The road out of poverty of any kind (poverty of mind, body, or spirit) is crisis intervention (assessing the need and providing survival care), reconstruction (giving the impoverished the tools they need to help themselves out of the crisis), and development (the people take ownership of their progress and continue to pull themselves out of the place of survival to a place of thriving). In my observations, this method is the same for a wealthy person in crisis just as much as a person in poverty. Crisis is a whole body experience. 

And [Jesus] opened his mouth and taught them, saying:

“Blessed are the poor in spirit, for theirs is the kingdom of heaven.

“Blessed are those who mourn, for they shall be comforted.

“Blessed are the meek, for they shall inherit the earth.

“Blessed are those who hunger and thirst for righteousness, for they shall be satisfied.

“Blessed are the merciful, for they shall receive mercy.

“Blessed are the pure in heart, for they shall see God.

“Blessed are the peacemakers, for they shall be called sons of God.

Matthew 5:2-9

I have been in a continual cycle of “poverty” for three years. The only difference between me and the homeless people on the outskirts of my neighborhood is that I’ve cried out for help from the beginning. I’ve made my weakness and vulnerability known. I haven’t asked for a hand out. I haven’t asked for a band aid. I have asked for a hand up. A long-term solution.

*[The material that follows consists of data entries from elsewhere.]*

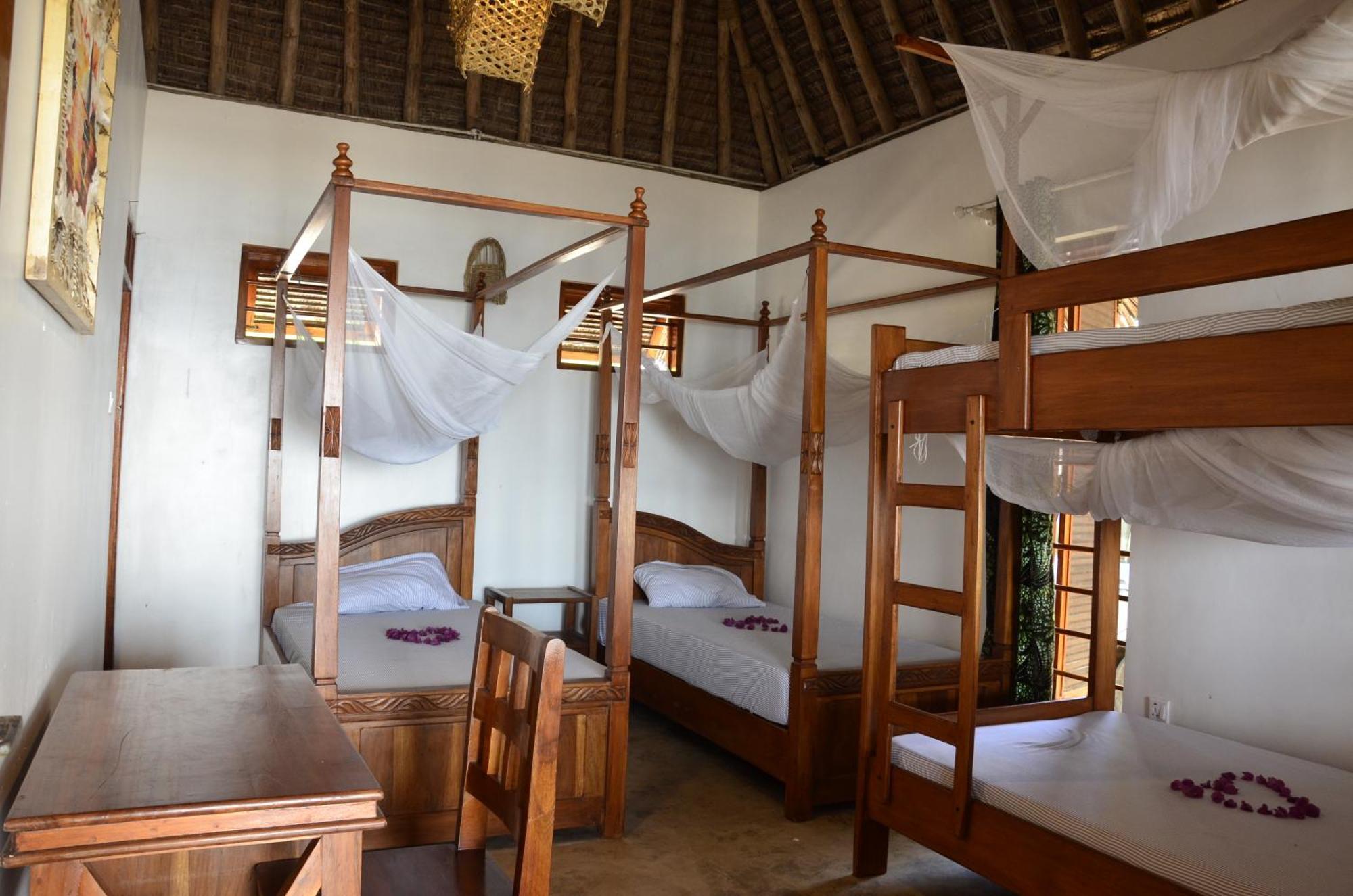 Lui Ushongo Beach House Pangani Экстерьер фото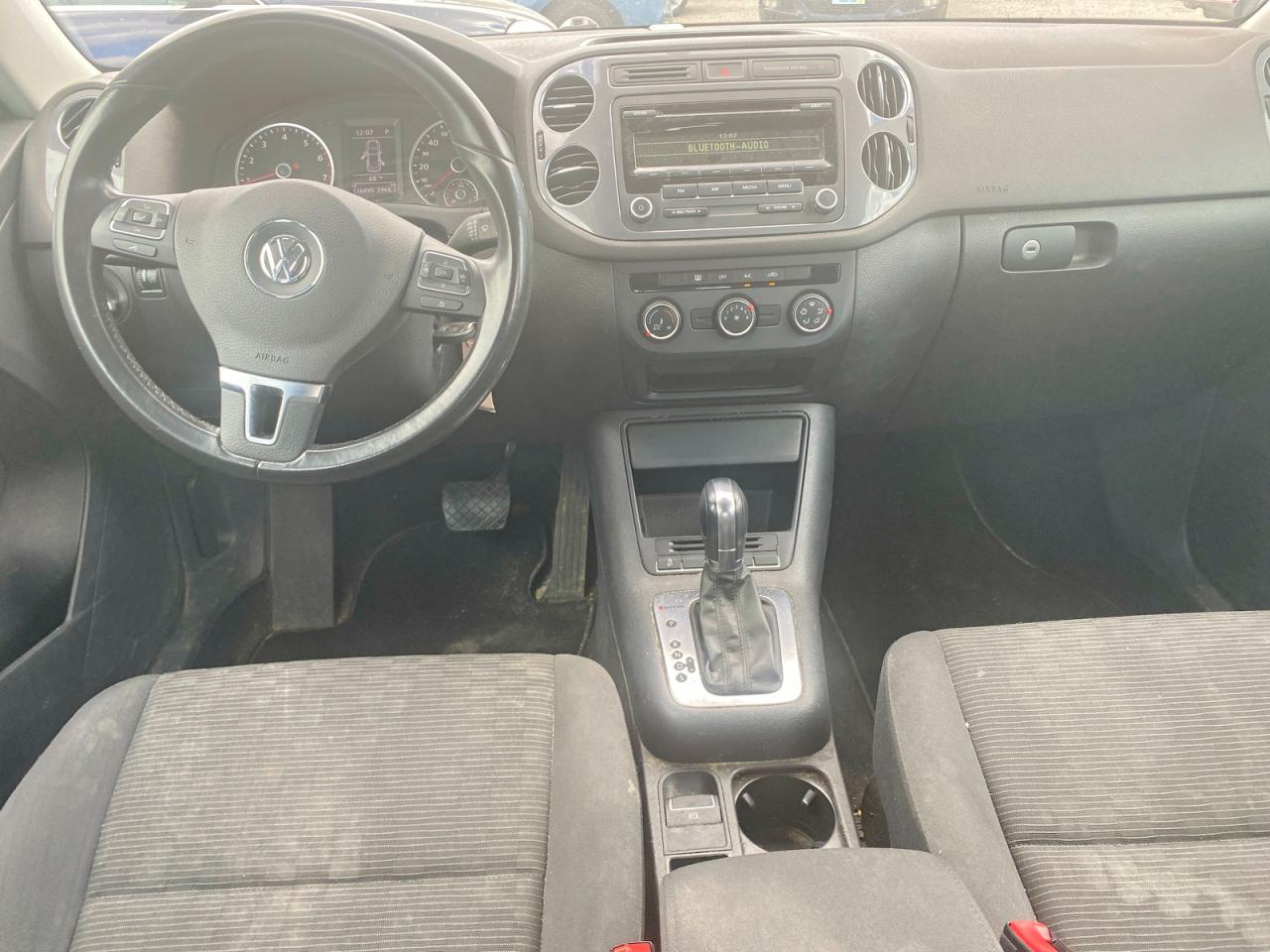 2013 Volkswagen Tiguan S Угольный vin: WVGBV3AXXDW582615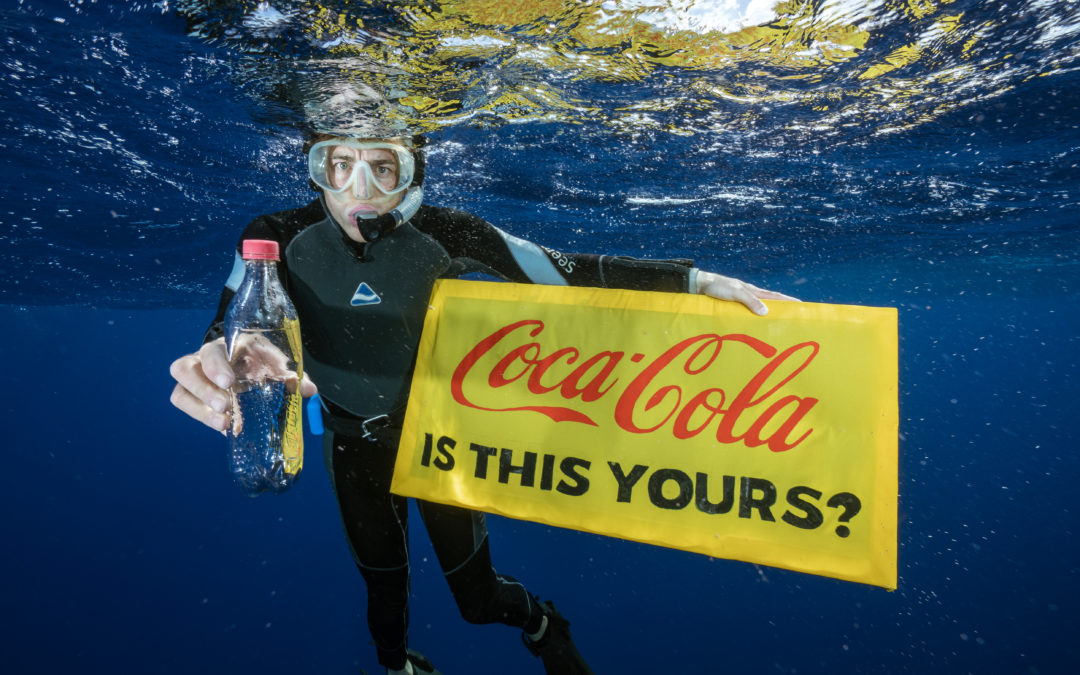 A Coca-Cola, a PepsiCo és a Nestlé áll leginkább a bolygónkat ellepő eldobható műanyagcsomagolás-szennyezés mögött
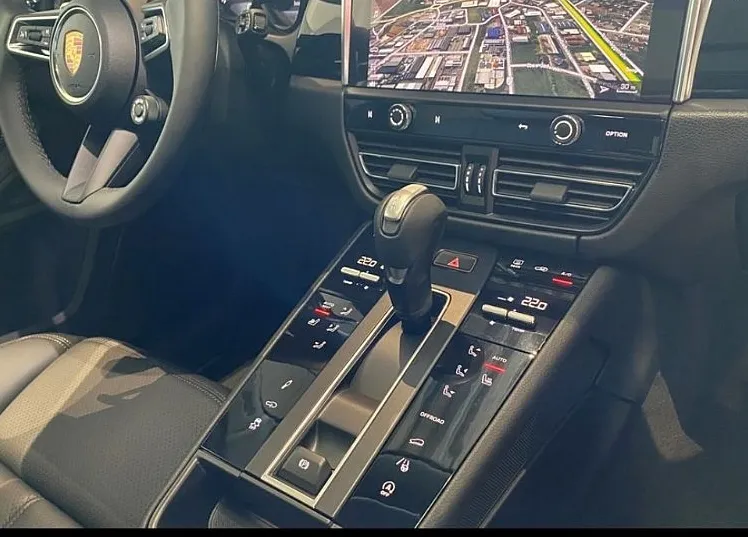 Zunanja slika - Porsche Macan - 2.0 PASM+Sport Chrono+Panorama+Porsche Approved - 13
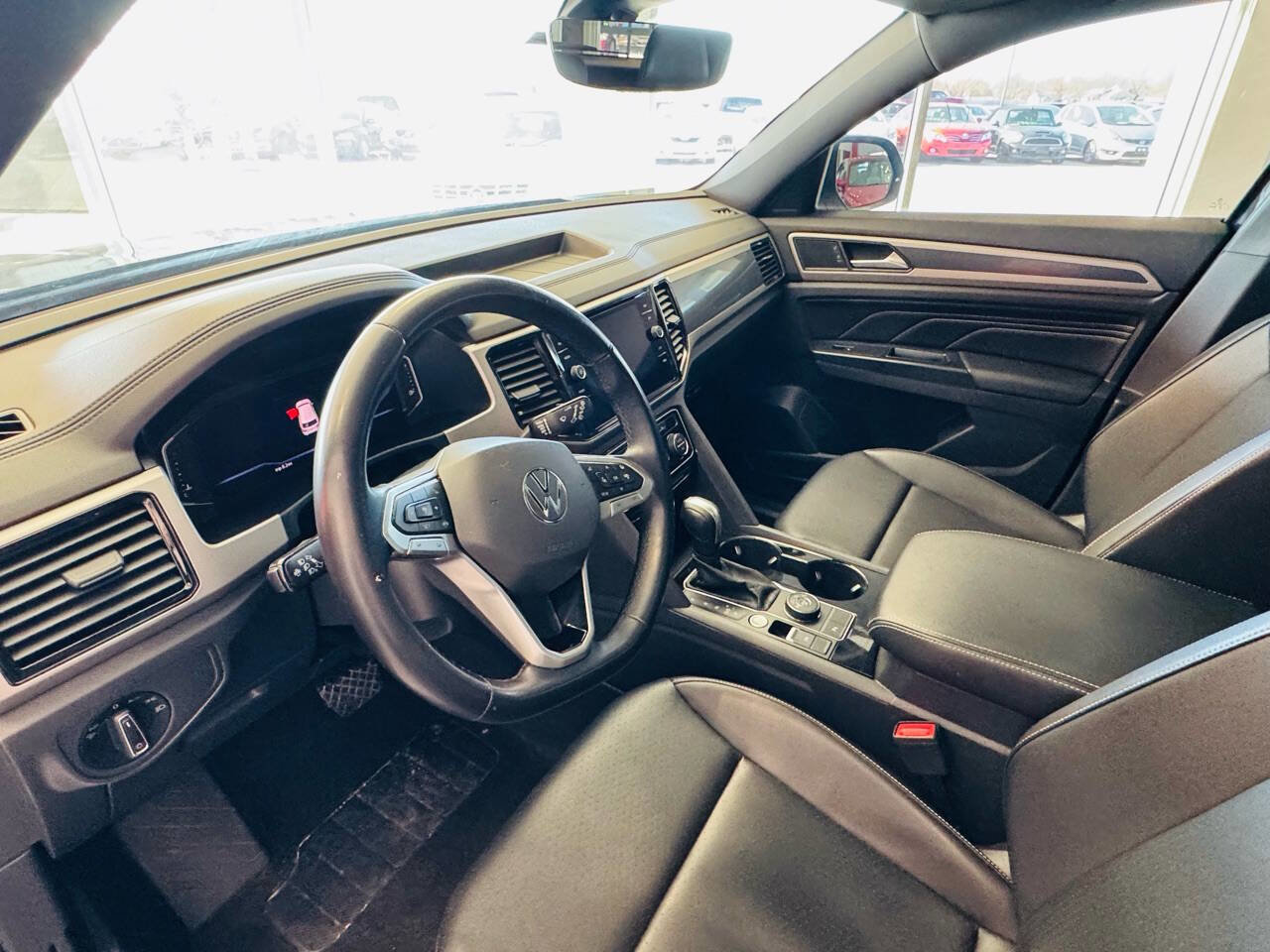 Used 2020 Volkswagen Atlas Cross Sport SEL image 18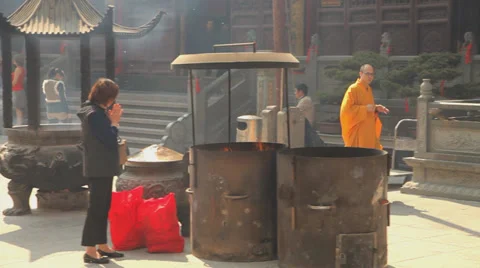 Inner yard of Jade Buddha Temple in Shanghai Stock Footage 38739103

I’ve gotten on my knees in my weakness and leaned on other people’s strength to the point where, I’m sure, helping me became wearisome for even the most willing servants. Being in continual need and continual gratitude for those who serve those needs is exhausting. I am not strong. I’m exhausted.

After three years in crisis, I am finally in the reconstruction phase. After three years of crisis, I am starting to be able to breath on my own.

I am not strong but
I have a community that is.

I am not strong but
I have a family that loves me.

I am not strong but
I have a strong husband

I am not strong but
I have a God who is the creator of the universe.
I have a God who is all-knowing.
I have a God who is ever-present.
I have a God who loves unconditionally.

In the words of Sally Loyd-Jones, my God has a “Never-stopping, never giving up, unbreaking, always and forever love.”

I am not strong but
I am blessed.

No, I am not strong. My circumstances are just really hard. I am not strong. To be honest, if I did not have the strength of God on my side and a community to continually point me to Him, I might not have kept going. I might have given up my life to end the pain. But I am surrounded by strength and I have humbled myself continually and accepted help because I know that I matter and God is not done with me yet.

But [God] said to me, “My grace is sufficient for you, for my power is made perfect in weakness.” Therefore I will boast all the more gladly of my weaknesses, so that the power of Christ may rest upon me. For the sake of Christ, then, I am content with weaknesses, insults, hardships, persecutions, and calamities. For when I am weak, then I am strong.